**Your objective:** Two lines below mark the span: the one containing "Moh. Iqbal Assyauqi, S.Pd.I., M.Pd." and the one containing "意天空：DV9转会没进展，1200万欧年薪难接盘&amp;除非有沙特球队介入". Set down both, plus every line between, exactly as they stand, and nothing else.

**Materials provided:**
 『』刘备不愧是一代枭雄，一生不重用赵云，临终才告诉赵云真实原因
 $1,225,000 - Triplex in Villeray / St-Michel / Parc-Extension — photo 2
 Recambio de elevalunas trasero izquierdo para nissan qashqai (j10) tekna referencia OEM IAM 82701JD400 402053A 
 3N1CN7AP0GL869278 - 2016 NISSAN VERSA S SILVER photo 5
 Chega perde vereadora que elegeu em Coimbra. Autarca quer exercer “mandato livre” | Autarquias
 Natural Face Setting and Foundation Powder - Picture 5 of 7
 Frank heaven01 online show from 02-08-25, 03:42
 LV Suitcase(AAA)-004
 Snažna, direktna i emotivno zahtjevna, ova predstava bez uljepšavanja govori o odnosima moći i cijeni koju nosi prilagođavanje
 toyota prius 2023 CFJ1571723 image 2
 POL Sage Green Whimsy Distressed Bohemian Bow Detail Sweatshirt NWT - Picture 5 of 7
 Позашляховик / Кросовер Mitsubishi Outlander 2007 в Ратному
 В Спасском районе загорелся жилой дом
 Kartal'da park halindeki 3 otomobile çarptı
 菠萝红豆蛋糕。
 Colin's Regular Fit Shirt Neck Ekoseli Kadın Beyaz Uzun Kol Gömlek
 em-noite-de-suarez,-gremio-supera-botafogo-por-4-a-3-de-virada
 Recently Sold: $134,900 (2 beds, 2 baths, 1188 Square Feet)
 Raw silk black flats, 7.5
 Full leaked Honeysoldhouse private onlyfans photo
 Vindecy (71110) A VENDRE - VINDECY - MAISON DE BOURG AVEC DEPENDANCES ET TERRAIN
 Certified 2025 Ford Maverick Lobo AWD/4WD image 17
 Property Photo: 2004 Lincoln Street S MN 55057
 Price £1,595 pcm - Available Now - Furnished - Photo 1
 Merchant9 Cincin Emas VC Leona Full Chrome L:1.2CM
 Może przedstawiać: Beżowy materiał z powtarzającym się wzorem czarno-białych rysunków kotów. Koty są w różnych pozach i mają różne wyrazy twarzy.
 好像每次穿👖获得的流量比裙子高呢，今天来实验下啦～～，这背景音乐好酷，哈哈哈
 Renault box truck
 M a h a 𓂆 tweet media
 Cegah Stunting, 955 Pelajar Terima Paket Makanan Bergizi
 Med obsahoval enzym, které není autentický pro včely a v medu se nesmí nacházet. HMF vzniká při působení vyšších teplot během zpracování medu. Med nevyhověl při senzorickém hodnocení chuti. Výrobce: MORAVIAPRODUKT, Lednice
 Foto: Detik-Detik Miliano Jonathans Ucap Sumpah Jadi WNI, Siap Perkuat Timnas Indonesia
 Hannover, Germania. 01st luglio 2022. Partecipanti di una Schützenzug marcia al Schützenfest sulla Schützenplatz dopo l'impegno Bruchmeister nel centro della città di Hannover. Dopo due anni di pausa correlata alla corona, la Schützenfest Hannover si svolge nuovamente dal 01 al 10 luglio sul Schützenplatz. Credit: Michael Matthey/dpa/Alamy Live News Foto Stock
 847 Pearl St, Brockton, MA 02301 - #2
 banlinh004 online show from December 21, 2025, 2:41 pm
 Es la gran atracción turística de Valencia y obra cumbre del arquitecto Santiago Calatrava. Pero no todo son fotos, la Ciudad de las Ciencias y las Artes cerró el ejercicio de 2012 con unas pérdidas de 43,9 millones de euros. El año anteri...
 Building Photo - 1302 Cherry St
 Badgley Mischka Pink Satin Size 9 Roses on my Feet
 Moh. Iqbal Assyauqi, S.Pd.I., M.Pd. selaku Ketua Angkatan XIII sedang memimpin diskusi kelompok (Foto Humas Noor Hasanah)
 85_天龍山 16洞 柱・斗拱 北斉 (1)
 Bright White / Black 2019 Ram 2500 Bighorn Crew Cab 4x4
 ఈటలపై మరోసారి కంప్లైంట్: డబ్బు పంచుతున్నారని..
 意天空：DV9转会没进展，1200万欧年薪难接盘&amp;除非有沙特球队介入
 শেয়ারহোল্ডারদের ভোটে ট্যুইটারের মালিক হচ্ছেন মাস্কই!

**Result below:**
 Moh. Iqbal Assyauqi, S.Pd.I., M.Pd. selaku Ketua Angkatan XIII sedang memimpin diskusi kelompok (Foto Humas Noor Hasanah)
 85_天龍山 16洞 柱・斗拱 北斉 (1)
 Bright White / Black 2019 Ram 2500 Bighorn Crew Cab 4x4
 ఈటలపై మరోసారి కంప్లైంట్: డబ్బు పంచుతున్నారని..
 意天空：DV9转会没进展，1200万欧年薪难接盘&amp;除非有沙特球队介入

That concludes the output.